4 hour block sounds like you have to have Mercedes Benz Sprinter kind of van. Mundelein and Lisle Dch packs my Prius with >50 packages at three hour block. I always have gone 1 - 2 hours over.. I need to get better.


----------



## crimson.snwbnny

Prius13 said:


> 4 hour block sounds like you have to have Mercedes Benz Sprinter kind of van. Mundelein and Lisle Dch packs my Prius with >50 packages at three hour block. I always have gone 1 - 2 hours over.. I need to get better.


i have a small suv gmc terrain. The packages are already in order. i load them in my car in the same order the warehouse gives them to me. that way im not hunting down packages. the envelope types i keep in basket on the passenger seat. at my first stop i'll look ahead on the itenary and pull out the next few deliveries and put them on the passenger seat as well. that way i can grab scan and deliver. most places i go are pretty secure i dont even turn off my car. (not to mention turning on and off car waste more gas) if driveway is avail i pull in and drop off, car running door still open.


----------



## Amsoil Uber Connect

Yes packing your car / suv, ( I saw a 90's 4Runner the other day) is key.
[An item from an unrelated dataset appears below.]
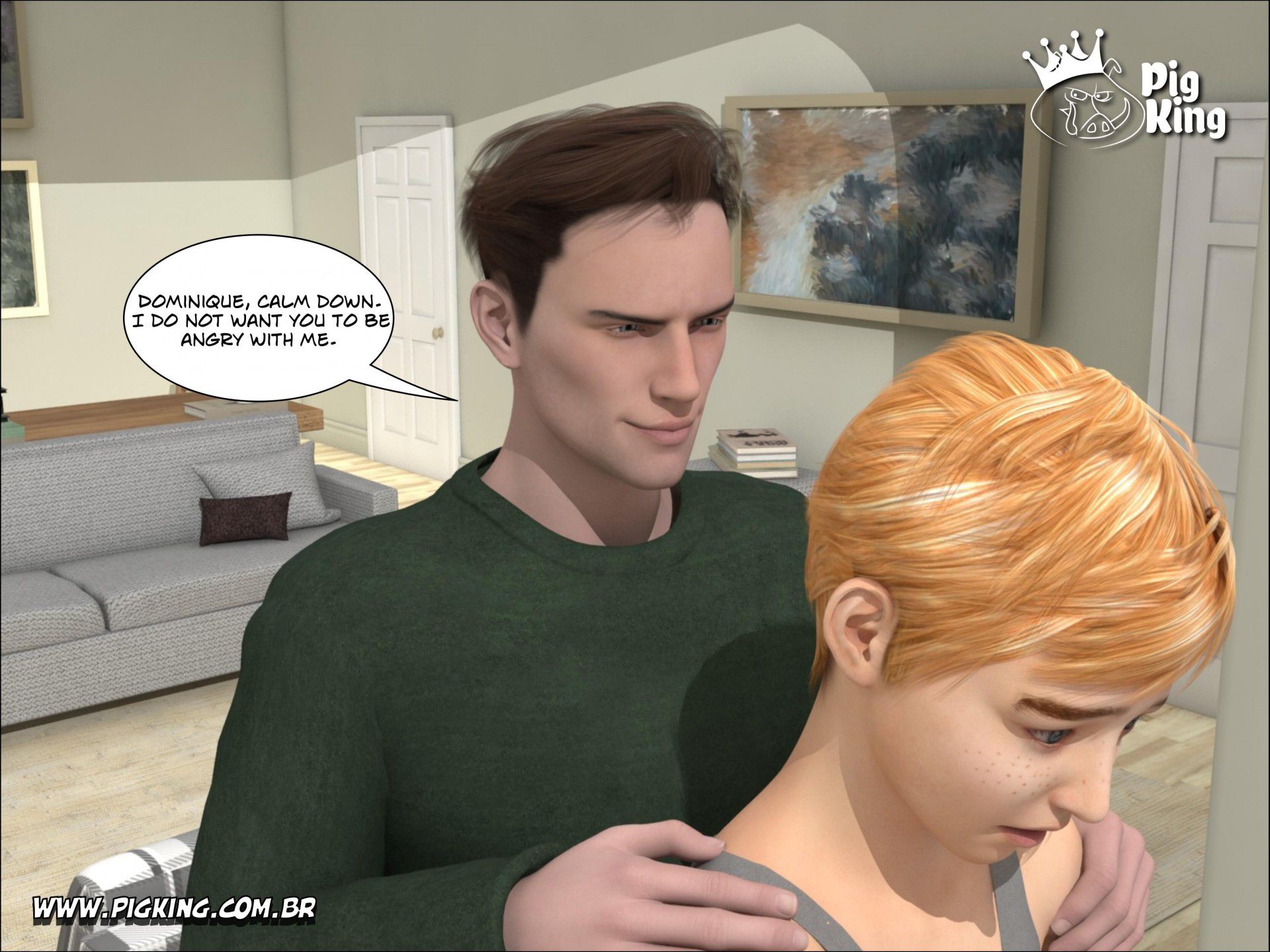 Best Friends – Margaret, Brigitte, Dominique [PigKing] 4 . Innocence - Dominique - Chapter 1 [PigKing] – page 10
Apts can be bad enough wasting time. I keep an Avon box on the front seat, had to use 2 of them once. 

Its the 4pm blocks that are numbered and if you read the numbers right you can tell if there are 2 or 3 pac's for one address.

The mornings, and late mornings you have to rely on the pick sheet group numbers. I messed up the other day cause the groups #'s were not in order as there video says lowest #'s are first. Well that's not the case, just follow the order they are in, first one's up front. It wasn't to bad, by half way through it straightened it self out and still finished on time. 59 pac's 48 stops.


----------



## CatchyMusicLover

You can still go in whatever order you want. My experience here in Vegas at least is if they are out of order, it's usually because a business or a school is in the earlier one.


----------



## tone17

CatchyMusicLover said:


> You can still go in whatever order you want. My experience here in Vegas at least is if they are out of order, it's usually because a business or a school is in the earlier one.
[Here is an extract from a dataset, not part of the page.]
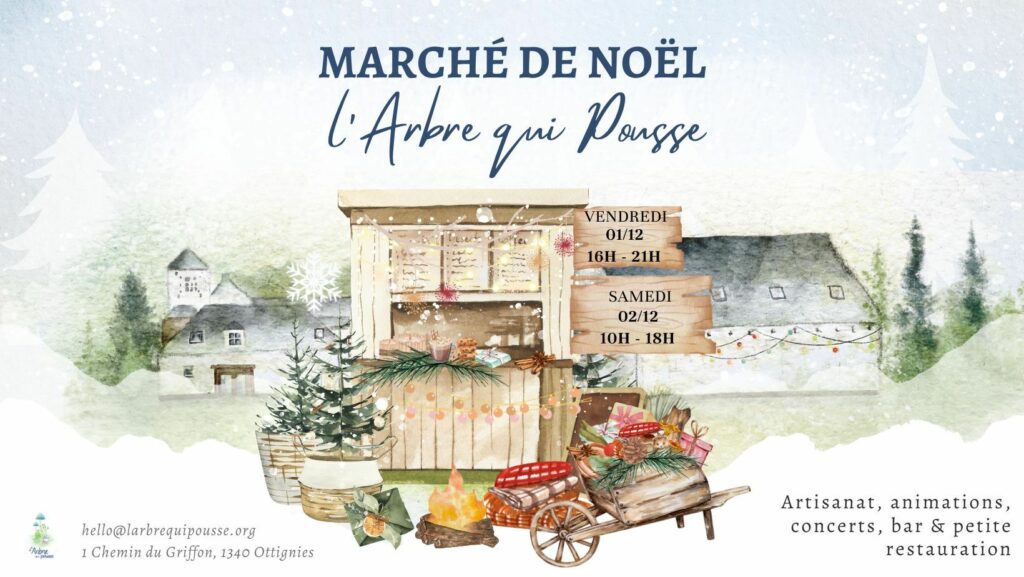 Affiche marché de noël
The last stop on many blocks seems to be a school. I don't know why that is, but it is.


----------



## Movaldriver

Did a block today with 72 but finished in 3 hours all sfh in one small area thankfully


----------



## Amsoil Uber Connect

Movaldriver said:


> Did a block today with 72 but finished in 3 hours all sfh in one small area thankfully


What was the start time ? 
How many 2 or 3 pax's in a single stop ?
Cause sometimes one can be 10 or 12 with 2 or 3 pax's at a stop.


----------



## Movaldriver

930 am start. Had one house with 5 and 3 or 4 with 2. It's an area I love to deliver to. Nice SFH and small front yards, all homes have a porch area with wall or post to put package behind. It's about a 4 mile radius for all the homes in the tract


----------



## elelegido

miauber1x831 said:


> You accepted a delivery block ESTIMATED to take 3 hours (or 4 hours, whatever the case may be). We are not employees of Amazon, so no, we shouldn't get paid until we "clock out". If we did, we would be employees and be subject to all other kinds of rules, regulations and micromanaging. Not having to deal with that stuff is one of the main reasons I enjoy this gig. If that is really what you want then you're free to sign up with one of the fleets who are contracted with the warehouse, and get paid an hourly rate. Or work for UPS. Nobody is forcing you to do Flex. If you find it's not worth your time then you can stop at any time. I personally don't want to be "employed" by Amazon.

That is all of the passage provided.